++++ EXCERPTED DATA ++++

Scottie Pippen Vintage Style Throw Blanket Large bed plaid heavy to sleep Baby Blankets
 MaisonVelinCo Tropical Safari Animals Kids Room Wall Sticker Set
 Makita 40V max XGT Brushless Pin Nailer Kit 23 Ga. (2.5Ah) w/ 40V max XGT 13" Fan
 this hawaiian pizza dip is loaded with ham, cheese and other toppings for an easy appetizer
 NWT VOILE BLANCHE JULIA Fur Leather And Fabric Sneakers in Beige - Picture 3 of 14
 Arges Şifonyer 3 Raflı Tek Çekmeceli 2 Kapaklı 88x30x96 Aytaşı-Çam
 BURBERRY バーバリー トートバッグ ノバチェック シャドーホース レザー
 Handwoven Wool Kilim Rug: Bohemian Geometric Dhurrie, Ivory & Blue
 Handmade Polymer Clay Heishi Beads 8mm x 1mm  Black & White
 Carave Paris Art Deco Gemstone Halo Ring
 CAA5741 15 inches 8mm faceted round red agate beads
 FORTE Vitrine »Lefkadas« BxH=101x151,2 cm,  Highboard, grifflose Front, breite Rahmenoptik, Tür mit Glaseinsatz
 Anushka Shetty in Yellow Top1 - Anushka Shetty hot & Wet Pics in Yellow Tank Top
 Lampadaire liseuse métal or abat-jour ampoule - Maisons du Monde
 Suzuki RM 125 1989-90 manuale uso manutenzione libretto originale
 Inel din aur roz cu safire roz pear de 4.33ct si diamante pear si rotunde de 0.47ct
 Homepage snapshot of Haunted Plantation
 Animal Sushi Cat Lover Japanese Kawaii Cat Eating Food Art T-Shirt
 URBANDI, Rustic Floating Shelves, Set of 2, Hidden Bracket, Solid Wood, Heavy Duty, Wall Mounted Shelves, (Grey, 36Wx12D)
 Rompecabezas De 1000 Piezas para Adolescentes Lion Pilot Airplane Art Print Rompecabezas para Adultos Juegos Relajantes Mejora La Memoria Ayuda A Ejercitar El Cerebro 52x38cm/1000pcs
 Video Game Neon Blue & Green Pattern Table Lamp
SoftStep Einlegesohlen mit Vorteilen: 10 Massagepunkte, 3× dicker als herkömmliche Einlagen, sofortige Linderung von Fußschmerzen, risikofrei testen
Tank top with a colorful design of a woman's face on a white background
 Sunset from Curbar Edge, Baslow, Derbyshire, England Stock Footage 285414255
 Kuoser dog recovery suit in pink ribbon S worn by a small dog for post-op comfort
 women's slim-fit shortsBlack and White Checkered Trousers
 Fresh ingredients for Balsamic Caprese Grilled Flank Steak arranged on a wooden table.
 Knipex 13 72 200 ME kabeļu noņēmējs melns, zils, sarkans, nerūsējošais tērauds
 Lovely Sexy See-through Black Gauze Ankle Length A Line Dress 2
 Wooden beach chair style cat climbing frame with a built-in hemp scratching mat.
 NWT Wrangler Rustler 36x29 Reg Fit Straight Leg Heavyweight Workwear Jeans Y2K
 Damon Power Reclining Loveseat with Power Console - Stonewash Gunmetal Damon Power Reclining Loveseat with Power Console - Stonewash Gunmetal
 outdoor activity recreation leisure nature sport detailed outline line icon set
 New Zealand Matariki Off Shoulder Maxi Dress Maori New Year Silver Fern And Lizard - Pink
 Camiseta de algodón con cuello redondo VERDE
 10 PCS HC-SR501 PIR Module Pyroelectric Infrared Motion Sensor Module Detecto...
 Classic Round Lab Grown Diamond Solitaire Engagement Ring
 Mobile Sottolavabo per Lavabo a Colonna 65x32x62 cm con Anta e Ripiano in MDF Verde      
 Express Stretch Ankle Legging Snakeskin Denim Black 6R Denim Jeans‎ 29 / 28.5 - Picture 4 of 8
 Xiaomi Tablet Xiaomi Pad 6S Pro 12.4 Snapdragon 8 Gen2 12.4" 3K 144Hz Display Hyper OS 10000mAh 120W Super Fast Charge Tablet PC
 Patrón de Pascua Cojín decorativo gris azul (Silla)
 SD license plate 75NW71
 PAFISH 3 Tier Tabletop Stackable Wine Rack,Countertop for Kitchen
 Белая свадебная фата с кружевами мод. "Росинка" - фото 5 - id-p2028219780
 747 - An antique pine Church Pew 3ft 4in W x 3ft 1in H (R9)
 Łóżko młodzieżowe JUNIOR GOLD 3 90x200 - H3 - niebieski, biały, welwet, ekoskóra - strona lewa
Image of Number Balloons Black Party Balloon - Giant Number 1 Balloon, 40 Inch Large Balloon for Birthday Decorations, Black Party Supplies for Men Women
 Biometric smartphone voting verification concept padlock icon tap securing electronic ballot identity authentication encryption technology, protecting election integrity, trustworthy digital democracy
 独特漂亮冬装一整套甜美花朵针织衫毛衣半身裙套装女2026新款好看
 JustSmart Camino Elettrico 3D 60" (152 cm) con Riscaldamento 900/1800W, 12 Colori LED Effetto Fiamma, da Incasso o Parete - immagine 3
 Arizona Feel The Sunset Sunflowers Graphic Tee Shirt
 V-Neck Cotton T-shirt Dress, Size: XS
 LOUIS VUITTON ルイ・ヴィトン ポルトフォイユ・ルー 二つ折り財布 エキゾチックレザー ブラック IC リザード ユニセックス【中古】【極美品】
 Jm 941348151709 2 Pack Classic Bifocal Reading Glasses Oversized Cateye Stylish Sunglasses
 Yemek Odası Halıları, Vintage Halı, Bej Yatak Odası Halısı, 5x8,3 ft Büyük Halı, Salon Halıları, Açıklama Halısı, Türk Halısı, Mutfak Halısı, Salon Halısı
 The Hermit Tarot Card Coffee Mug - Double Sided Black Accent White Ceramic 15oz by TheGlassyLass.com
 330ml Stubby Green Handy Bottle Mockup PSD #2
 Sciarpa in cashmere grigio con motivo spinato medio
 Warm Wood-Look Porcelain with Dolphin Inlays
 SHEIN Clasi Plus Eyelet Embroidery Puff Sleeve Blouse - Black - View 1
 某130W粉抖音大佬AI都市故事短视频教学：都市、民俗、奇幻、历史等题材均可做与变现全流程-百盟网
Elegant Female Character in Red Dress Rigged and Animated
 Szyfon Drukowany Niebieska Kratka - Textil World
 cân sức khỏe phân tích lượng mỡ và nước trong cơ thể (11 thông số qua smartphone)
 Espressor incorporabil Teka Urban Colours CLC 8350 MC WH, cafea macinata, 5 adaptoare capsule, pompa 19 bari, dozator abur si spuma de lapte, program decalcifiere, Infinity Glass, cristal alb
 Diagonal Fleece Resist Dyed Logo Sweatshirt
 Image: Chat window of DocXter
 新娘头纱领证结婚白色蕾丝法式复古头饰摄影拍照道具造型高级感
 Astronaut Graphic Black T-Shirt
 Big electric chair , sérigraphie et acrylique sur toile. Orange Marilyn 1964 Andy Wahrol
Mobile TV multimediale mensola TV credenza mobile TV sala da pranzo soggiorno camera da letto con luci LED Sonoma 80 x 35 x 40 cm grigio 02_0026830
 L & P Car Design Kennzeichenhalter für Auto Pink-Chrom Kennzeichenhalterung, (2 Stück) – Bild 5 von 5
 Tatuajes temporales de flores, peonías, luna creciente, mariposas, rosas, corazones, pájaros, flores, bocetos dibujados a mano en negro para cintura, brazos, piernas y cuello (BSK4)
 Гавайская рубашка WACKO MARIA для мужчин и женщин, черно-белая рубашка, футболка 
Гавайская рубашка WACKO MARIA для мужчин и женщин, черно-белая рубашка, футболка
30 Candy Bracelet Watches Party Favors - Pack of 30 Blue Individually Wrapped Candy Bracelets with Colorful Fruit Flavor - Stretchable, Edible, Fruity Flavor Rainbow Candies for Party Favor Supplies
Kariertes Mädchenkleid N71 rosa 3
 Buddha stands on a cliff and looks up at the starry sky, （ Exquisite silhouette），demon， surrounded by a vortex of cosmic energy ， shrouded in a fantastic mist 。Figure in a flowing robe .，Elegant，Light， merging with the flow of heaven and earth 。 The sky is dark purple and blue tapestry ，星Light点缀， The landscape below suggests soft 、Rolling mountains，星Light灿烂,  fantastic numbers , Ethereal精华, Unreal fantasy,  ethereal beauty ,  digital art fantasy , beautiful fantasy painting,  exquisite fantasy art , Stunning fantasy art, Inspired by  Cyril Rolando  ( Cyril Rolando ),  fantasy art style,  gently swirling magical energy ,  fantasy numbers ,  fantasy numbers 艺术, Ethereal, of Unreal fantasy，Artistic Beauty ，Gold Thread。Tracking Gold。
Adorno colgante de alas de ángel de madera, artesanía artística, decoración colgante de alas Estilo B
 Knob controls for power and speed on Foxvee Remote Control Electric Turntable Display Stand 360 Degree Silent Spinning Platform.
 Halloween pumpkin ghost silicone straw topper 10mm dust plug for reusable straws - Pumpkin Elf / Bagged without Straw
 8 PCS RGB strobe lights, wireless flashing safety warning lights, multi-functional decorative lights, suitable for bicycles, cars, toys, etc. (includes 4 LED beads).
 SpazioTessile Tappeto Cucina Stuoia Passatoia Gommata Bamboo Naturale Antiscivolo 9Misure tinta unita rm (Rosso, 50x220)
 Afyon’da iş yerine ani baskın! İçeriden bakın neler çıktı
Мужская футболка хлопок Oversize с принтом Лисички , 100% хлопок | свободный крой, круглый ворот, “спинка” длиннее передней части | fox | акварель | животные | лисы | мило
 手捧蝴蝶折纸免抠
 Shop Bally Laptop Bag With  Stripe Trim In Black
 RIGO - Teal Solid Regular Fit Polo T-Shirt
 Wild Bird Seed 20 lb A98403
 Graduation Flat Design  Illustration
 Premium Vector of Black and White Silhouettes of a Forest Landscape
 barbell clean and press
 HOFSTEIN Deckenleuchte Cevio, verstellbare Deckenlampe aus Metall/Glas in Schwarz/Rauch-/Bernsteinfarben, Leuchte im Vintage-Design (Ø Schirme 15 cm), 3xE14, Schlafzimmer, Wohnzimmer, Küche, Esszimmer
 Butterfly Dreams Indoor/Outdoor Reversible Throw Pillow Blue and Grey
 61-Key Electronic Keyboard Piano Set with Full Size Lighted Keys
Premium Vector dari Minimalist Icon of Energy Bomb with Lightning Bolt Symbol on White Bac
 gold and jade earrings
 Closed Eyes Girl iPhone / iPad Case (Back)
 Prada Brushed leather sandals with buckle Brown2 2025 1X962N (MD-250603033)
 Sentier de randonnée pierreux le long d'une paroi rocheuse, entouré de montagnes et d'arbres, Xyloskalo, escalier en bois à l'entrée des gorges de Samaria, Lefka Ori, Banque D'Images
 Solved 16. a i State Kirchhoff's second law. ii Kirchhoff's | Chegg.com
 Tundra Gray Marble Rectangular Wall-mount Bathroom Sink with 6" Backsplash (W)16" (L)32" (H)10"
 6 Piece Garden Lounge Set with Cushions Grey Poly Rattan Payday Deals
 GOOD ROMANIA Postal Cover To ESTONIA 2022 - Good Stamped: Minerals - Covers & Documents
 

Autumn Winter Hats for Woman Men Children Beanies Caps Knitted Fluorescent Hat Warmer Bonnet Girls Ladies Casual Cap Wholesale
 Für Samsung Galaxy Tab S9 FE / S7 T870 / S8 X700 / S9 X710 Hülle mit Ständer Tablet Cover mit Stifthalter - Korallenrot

++++

Would you retype the lines above from the one with "新娘头纱领证结婚白色蕾丝法式复古头饰摄影拍照道具造型高级感" down to the one with "Kariertes Mädchenkleid N71 rosa 3", word for word, both ends included and no other lines?

 新娘头纱领证结婚白色蕾丝法式复古头饰摄影拍照道具造型高级感
 Astronaut Graphic Black T-Shirt
 Big electric chair , sérigraphie et acrylique sur toile. Orange Marilyn 1964 Andy Wahrol
Mobile TV multimediale mensola TV credenza mobile TV sala da pranzo soggiorno camera da letto con luci LED Sonoma 80 x 35 x 40 cm grigio 02_0026830
 L & P Car Design Kennzeichenhalter für Auto Pink-Chrom Kennzeichenhalterung, (2 Stück) – Bild 5 von 5
 Tatuajes temporales de flores, peonías, luna creciente, mariposas, rosas, corazones, pájaros, flores, bocetos dibujados a mano en negro para cintura, brazos, piernas y cuello (BSK4)
 Гавайская рубашка WACKO MARIA для мужчин и женщин, черно-белая рубашка, футболка 
Гавайская рубашка WACKO MARIA для мужчин и женщин, черно-белая рубашка, футболка
30 Candy Bracelet Watches Party Favors - Pack of 30 Blue Individually Wrapped Candy Bracelets with Colorful Fruit Flavor - Stretchable, Edible, Fruity Flavor Rainbow Candies for Party Favor Supplies
Kariertes Mädchenkleid N71 rosa 3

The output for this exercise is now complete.